[Beowulf] Opteron cooling specifications?

David Kewley kewley at gps.caltech.edu
Sat Apr 29 18:08:49 PDT 2006


On Saturday 29 April 2006 10:02, Michael Will wrote:
> David,
>
> 32 compute nodes per rack is just good practice, but of course not the
> maximum if you are willing
> to cut corners and do somewhat nonstandard and potentially riskier power
> (i.e.
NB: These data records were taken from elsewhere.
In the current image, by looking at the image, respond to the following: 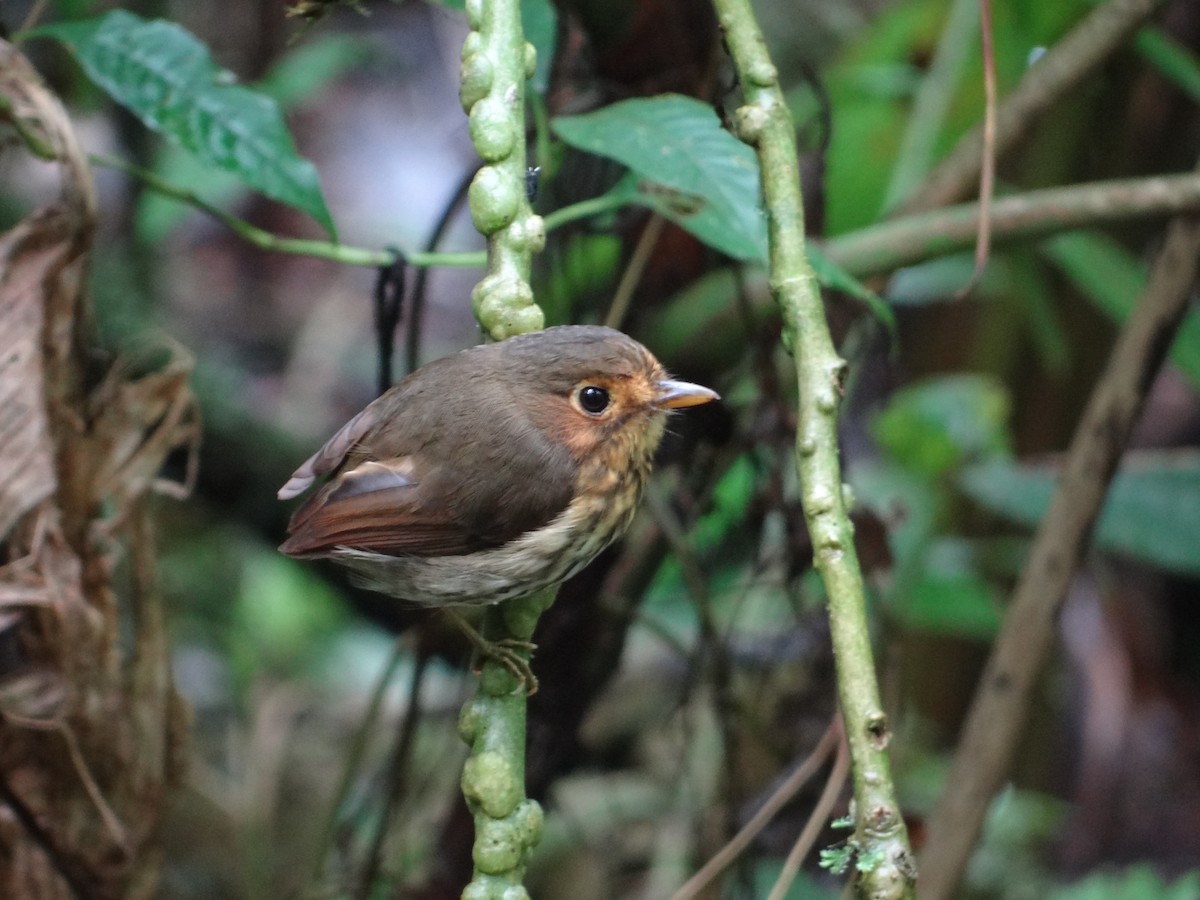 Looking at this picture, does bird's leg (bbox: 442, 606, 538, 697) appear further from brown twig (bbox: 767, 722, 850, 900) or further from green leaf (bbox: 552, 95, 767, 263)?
green leaf (bbox: 552, 95, 767, 263)

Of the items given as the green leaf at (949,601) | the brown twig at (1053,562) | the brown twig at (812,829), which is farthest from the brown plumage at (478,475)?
the green leaf at (949,601)

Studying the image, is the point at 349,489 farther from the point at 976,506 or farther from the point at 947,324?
the point at 947,324

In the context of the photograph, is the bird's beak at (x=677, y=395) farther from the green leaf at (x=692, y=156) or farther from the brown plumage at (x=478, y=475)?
the green leaf at (x=692, y=156)

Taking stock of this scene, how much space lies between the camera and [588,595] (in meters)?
2.26

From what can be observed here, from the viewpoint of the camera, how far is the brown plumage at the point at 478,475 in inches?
65.6

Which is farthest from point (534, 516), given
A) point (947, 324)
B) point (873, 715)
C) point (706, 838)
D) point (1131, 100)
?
point (947, 324)

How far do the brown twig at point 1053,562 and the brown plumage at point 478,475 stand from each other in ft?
2.91

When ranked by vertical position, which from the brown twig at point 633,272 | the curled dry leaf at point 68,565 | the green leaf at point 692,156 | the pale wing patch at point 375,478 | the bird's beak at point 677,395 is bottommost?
the curled dry leaf at point 68,565

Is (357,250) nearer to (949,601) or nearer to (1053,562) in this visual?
(1053,562)

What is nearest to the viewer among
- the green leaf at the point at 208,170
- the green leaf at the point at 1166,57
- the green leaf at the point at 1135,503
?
the green leaf at the point at 1166,57

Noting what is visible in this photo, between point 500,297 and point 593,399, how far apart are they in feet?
1.15

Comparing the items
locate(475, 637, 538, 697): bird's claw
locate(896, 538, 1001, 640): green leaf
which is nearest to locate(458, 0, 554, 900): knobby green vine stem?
locate(475, 637, 538, 697): bird's claw

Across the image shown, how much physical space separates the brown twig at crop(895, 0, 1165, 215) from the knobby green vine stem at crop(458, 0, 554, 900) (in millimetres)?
1216

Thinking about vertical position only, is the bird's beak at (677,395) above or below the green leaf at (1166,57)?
below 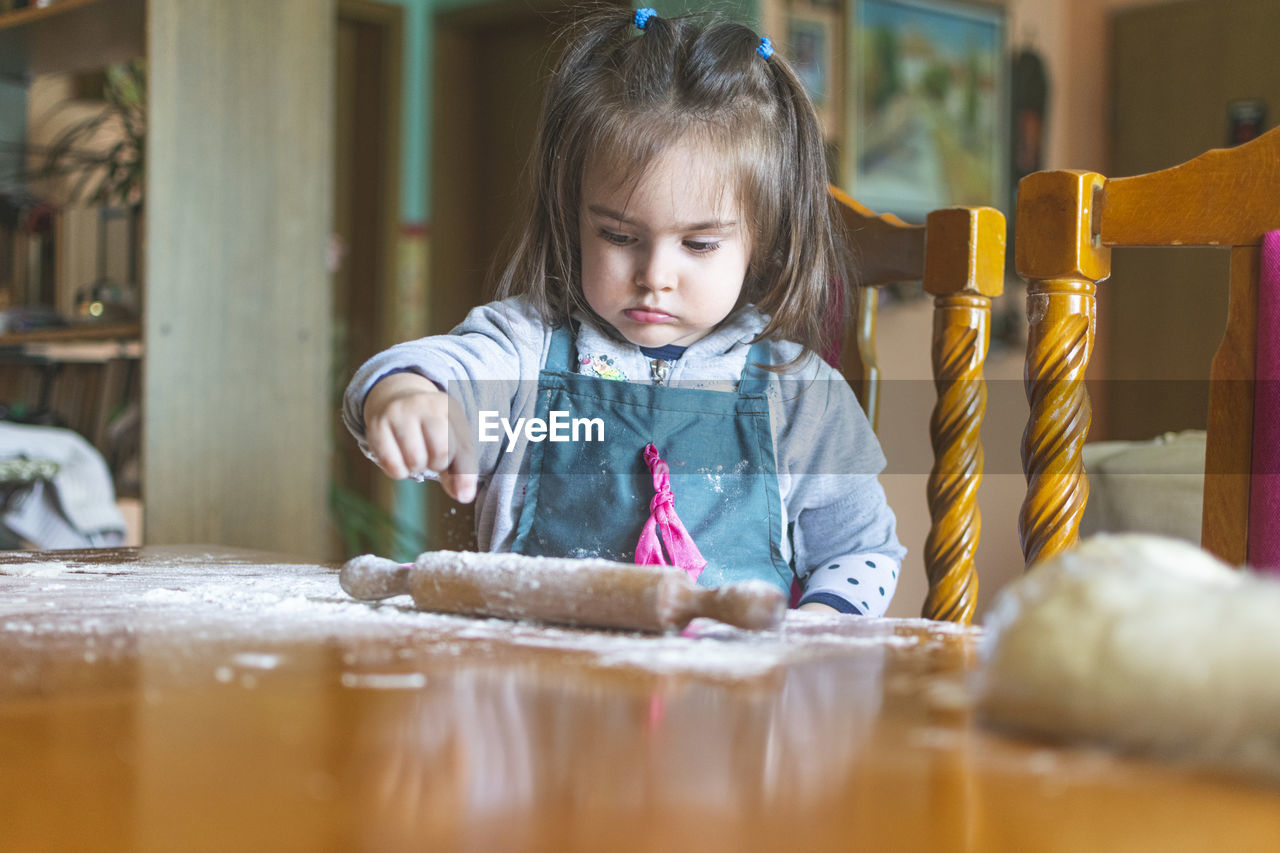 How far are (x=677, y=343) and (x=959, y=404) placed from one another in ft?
1.08

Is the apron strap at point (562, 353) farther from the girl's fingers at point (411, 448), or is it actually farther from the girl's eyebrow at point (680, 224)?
the girl's fingers at point (411, 448)

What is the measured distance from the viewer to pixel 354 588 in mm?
663

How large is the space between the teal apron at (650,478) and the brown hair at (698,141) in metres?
0.10

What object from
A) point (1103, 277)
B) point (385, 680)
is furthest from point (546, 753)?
point (1103, 277)

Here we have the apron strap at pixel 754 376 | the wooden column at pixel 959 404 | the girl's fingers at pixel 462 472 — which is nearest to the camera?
the girl's fingers at pixel 462 472

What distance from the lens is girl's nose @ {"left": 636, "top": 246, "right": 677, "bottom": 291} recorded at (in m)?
1.04

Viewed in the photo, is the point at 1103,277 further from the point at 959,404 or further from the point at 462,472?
the point at 462,472

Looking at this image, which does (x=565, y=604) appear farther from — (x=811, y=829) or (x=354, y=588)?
(x=811, y=829)

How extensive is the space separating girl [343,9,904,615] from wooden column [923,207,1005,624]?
12 centimetres

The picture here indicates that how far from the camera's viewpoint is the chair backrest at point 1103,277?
0.77 meters

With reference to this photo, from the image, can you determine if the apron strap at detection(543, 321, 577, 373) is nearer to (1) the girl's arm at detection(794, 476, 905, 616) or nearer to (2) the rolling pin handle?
(1) the girl's arm at detection(794, 476, 905, 616)

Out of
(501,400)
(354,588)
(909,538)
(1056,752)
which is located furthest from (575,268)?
(909,538)

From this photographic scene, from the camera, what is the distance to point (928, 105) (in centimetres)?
398

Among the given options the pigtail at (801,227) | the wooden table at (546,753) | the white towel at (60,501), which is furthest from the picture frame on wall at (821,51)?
the wooden table at (546,753) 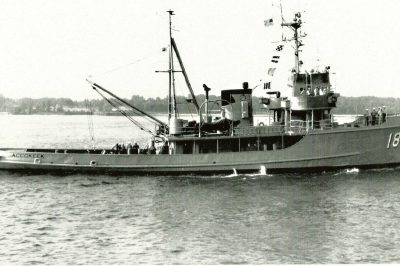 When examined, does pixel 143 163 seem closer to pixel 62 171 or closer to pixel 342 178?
pixel 62 171

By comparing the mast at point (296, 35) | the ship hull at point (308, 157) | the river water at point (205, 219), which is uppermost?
the mast at point (296, 35)

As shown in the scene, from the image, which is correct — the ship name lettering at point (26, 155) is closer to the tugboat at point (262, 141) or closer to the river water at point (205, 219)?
the tugboat at point (262, 141)

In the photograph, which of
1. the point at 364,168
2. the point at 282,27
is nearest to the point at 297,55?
the point at 282,27

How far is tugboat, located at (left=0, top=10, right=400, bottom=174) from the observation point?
83.0 feet

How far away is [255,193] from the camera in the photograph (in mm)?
21781

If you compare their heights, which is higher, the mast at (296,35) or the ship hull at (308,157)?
the mast at (296,35)

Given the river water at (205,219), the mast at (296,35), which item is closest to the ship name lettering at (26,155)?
the river water at (205,219)

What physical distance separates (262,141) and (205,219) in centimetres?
957

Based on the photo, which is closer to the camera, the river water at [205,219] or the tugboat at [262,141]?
the river water at [205,219]

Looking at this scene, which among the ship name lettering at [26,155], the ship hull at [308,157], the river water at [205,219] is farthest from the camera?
the ship name lettering at [26,155]

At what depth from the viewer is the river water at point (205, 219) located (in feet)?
47.0

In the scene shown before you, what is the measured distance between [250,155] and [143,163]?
5953mm

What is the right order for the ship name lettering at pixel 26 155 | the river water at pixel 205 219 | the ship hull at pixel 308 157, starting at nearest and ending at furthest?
the river water at pixel 205 219
the ship hull at pixel 308 157
the ship name lettering at pixel 26 155

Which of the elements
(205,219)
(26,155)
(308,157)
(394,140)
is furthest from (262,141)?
(26,155) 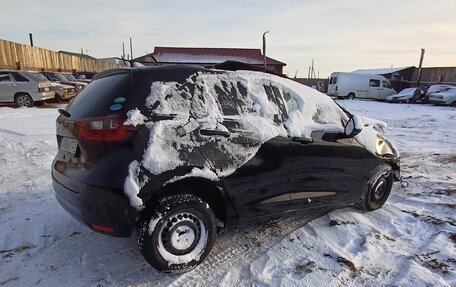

L21-30 208V 3phase).
>
> Where do your power cords go, and how many PDU's and cords do you have
> going to each rack?

What does it mean to say that 32 is "standard"?  Why shouldn't 40 be 
standard, other than perhaps 32 is more typically done?

How do you conclude that putting 40 in a rack rather than 32 necessarily 
means you cut corners?  Just because we had our sites set on fitting all 
those machines into the room doesn't mean that the rack setup is poor (it's 
actually excellent, come by and see it some time), nor that we cut corners 
to make things fit.  We didn't.  Many people who have seen our room remark 
that it's an outstandingly good room, so it's quite possible to do what we 
did and do it well -- 40 per rack is no problem if you design it well.

We use L21-20 208 V 3-phase (note -20 not -30).  How is that riskier?

We have 3 L21-20 based power strips per rack, APC units each rated (80% 
derated) at 5.7kW.  The 3' cords go under the raised floor to outlets that 
are fastened to a rail that runs directly under the raised floor gridwork.  
The outlets are supplied by flexible, waterproof conduit that runs across 
the cement subfloor to the raised-floor-mounted PDUs.  The cords are 
essentially invisible when the rack doors are closed, and are completely 
out of the way.

> Our 32 node racks have only two L21-20 cords for the nodes and comply
> with national fire and electrical codes
> that limit continuous loads on a circuit to 80% of the breaker rating.

Same here, but with 3 rack PDUs.  It's not a problem for us.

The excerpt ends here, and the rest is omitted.